And I Turn Back to Myself
Juan Barquin Revisits Hedwig and the Angry Inch

It’s been a decade since I first wrote about John Cameron Mitchell’s Hedwig and the Angry Inch. I was just a baby at 22, casually failing a number of my university classes due to a mix of laziness, day-job exhaustion (which has gotten worse since), and a greater interest in scrolling down iCheckMovies. At this age, I still thought of myself as cis, not so far removed from my high school days, when I thought leaning into masculinity would make me “not like those other gays” and more appealing and accessible to those around me.
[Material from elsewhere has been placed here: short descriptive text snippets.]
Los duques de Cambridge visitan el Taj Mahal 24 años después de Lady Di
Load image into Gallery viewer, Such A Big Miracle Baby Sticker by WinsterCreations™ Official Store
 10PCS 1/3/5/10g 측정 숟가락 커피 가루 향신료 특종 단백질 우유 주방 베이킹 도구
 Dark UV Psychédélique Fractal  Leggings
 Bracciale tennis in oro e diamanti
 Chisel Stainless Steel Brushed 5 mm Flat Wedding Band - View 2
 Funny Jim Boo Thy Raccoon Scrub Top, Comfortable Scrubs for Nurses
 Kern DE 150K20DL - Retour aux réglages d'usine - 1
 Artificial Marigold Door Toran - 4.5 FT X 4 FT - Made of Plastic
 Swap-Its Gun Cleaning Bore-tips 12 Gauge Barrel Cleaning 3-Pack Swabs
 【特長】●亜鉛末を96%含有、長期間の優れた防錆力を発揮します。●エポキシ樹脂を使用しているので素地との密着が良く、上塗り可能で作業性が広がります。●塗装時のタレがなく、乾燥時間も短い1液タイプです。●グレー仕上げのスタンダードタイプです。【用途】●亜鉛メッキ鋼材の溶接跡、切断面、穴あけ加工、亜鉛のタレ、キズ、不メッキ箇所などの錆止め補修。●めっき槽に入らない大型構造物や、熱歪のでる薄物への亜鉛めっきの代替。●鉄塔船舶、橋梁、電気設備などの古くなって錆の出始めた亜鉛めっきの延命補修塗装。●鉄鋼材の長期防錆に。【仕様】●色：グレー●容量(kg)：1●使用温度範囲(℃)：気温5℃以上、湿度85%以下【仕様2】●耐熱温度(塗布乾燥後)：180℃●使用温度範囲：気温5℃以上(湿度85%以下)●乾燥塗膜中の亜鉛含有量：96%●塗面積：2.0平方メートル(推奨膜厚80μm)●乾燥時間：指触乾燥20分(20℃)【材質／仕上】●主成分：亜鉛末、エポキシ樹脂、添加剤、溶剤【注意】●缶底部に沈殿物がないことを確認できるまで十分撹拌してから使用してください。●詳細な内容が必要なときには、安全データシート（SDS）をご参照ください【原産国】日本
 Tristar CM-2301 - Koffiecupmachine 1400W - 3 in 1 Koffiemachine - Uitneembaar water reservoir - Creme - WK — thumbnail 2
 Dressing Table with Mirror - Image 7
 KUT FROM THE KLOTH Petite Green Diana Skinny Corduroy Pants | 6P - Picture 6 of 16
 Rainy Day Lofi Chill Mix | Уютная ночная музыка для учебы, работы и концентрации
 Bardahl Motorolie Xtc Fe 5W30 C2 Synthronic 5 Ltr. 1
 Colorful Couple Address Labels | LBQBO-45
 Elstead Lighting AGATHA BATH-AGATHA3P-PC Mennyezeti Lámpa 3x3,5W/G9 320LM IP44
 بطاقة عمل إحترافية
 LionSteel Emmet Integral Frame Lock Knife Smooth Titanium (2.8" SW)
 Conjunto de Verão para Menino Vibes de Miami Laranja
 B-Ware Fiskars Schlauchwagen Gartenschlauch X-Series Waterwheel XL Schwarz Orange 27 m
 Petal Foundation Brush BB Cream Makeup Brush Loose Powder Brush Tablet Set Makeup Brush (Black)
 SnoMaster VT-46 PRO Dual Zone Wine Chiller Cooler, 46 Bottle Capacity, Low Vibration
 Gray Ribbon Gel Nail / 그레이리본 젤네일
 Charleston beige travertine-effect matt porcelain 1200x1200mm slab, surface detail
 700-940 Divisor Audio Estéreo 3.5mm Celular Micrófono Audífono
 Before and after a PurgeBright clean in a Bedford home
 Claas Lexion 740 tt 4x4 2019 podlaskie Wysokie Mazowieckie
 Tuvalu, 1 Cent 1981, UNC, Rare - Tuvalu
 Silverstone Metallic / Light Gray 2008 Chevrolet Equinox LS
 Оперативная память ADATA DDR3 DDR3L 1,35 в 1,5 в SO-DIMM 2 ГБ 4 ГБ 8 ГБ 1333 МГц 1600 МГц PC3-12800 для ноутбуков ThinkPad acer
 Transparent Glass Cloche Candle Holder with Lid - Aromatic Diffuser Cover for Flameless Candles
Revisiting that essay, I see the seeds of whom I’d become down the road, not just in the writing but also in the feeling behind the writing. Like Hedwig never imagined having to truly reflect on the cards life had dealt them, wandering aimlessly or purposefully (depending on your reading of the ending), I never imagined that my perspectives on queerness and cinema would one day be so challenged. Every queer film I encounter today is a new chance for me to reassess what queerness can look like in cinema. With such a malleable term as “queer cinema,” we have to create our own definition and understanding: for me, it is not to fall in line with the status quo, trying to blandly mimic convention, but to dive into what it means to exist as the “other” in any given situation.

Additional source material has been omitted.